HC Deb 17 June 2004 vol 422 cc1049-50W
Mrs. Curtis-Thomas

To ask the secretary of State for Education and Skills what steps his Department is taking to decrease the gap in attainment between children from higher and lower socio-economic groups. [177941]

Mr. Miliband

All our education policies are based on the conviction that every child should be able to achieve at the highest level of their potential, irrespective of background. Our national key stage strategies have an essential role to play in narrowing the attainment gap by raising expectations of all our children.

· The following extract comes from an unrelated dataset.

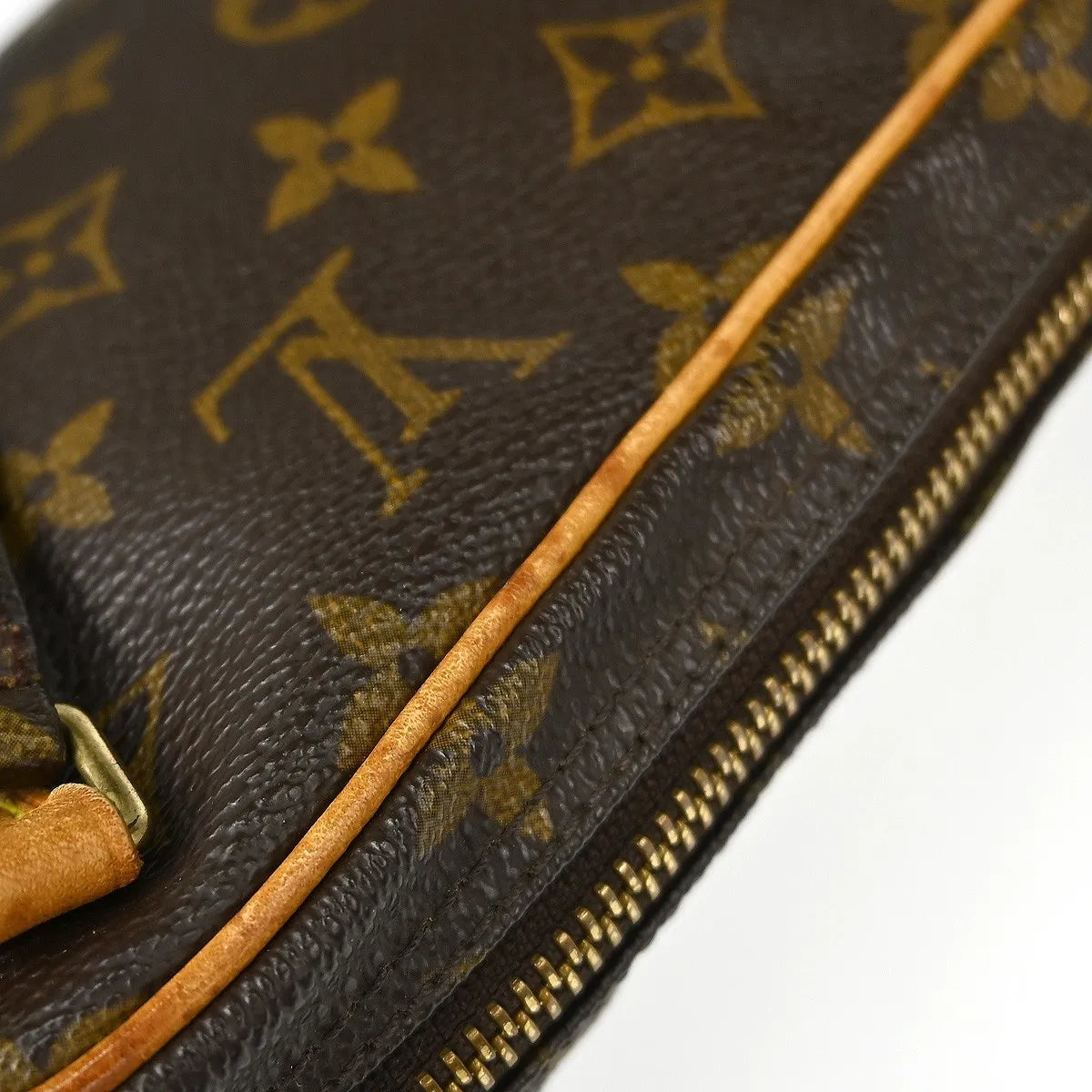 Louis Vuitton Pochette Marly Bandouliere Monogram Canvas Brown Canvas Shoulder Bag Bag (Pre-Owned)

But we also have targeted programmes aimed at narrowing the gap. We are investing heavily in our Sure Start programmes, with additional funding of £669 million by 2007–08 compared with 2004–05, because we know that the early years of a child's life are crucial in determining the outcomes for children when they grow up.

The Excellence in Cities programme which now includes Leadership Incentive Grant (LIG) and Behaviour Improvement Plans (BIP) is making a real difference—as are measures to tackle underperformance which provide support and challenge to schools and authorities falling below floor targets. In terms of five good GCSEs, schools in EiC whole authority areas improved at more than twice the average of non-EiC schools. And after the first year of the BIP (2002–03), unauthorised absence across secondary schools in the programme in the initial 34 LEAs dropped from 3.03 per cent. to 2.94 per cent. In primary schools the corresponding figures were a drop in unauthorised absence from 1.29 per cent. to 1.17 per cent. Fixed term exclusions dropped by 11 per cent. in secondary schools.

The number of schools below the Government's floor targets for attainment at Key Stage 4 has dropped sharply: in 2000, the number of schools below 20 per cent. was 241—that figure had dropped to 114 in 2003.